= Directions for this task =
A verbatim copy of the lines from the one with "Four Portraits Studies of the 18th Century" through the final line below is required; print it and nothing else.

=== Material shown ===

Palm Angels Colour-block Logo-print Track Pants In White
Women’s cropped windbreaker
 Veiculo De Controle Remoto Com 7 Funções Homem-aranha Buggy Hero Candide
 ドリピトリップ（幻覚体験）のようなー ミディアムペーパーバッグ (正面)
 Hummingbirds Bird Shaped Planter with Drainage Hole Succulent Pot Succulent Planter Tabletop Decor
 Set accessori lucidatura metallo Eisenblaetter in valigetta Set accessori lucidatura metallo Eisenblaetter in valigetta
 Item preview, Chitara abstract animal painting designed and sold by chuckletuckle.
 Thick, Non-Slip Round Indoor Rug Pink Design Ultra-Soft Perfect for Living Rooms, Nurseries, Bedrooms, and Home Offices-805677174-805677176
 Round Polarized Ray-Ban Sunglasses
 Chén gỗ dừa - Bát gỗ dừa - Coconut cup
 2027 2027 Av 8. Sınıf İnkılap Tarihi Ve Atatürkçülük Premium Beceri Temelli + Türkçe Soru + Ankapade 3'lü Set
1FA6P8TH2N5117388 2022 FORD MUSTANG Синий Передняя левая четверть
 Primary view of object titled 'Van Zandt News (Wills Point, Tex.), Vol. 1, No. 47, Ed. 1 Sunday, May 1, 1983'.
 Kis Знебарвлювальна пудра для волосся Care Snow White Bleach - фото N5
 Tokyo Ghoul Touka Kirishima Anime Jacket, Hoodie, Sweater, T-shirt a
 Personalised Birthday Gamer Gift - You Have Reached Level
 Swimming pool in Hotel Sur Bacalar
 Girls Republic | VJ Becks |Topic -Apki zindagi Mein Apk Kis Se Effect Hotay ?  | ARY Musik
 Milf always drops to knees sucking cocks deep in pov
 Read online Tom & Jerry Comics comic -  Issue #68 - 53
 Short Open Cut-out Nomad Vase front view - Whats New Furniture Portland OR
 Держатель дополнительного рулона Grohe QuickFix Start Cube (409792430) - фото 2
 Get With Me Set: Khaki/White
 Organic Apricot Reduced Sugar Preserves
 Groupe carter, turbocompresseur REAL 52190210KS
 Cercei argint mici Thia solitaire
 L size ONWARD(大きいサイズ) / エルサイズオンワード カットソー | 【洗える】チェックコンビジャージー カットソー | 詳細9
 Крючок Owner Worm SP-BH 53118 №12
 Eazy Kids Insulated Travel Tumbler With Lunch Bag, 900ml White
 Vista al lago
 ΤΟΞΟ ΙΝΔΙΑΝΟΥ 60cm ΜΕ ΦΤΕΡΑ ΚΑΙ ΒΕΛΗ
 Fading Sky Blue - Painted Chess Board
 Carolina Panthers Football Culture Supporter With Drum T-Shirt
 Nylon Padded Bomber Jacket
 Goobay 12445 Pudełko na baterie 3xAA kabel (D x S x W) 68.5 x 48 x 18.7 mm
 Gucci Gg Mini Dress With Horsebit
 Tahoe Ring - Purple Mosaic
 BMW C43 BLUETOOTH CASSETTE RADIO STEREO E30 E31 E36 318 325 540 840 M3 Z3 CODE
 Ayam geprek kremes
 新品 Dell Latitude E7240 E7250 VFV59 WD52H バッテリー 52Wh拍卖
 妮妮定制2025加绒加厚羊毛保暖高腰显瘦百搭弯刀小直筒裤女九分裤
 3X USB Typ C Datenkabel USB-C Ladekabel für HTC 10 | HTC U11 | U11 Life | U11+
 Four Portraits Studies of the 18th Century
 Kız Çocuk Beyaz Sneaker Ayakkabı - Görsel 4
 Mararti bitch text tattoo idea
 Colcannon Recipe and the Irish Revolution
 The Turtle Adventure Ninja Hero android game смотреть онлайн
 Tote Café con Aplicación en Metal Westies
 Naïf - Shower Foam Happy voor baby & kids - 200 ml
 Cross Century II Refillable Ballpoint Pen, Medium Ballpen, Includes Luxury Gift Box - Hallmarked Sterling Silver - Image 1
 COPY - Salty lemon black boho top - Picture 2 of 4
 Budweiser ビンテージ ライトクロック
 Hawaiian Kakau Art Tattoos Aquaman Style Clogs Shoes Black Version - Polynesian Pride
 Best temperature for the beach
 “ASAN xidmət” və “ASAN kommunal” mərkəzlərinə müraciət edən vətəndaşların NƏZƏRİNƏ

===

= Written response =
 Four Portraits Studies of the 18th Century
 Kız Çocuk Beyaz Sneaker Ayakkabı - Görsel 4
 Mararti bitch text tattoo idea
 Colcannon Recipe and the Irish Revolution
 The Turtle Adventure Ninja Hero android game смотреть онлайн
 Tote Café con Aplicación en Metal Westies
 Naïf - Shower Foam Happy voor baby & kids - 200 ml
 Cross Century II Refillable Ballpoint Pen, Medium Ballpen, Includes Luxury Gift Box - Hallmarked Sterling Silver - Image 1
 COPY - Salty lemon black boho top - Picture 2 of 4
 Budweiser ビンテージ ライトクロック
 Hawaiian Kakau Art Tattoos Aquaman Style Clogs Shoes Black Version - Polynesian Pride
 Best temperature for the beach
 “ASAN xidmət” və “ASAN kommunal” mərkəzlərinə müraciət edən vətəndaşların NƏZƏRİNƏ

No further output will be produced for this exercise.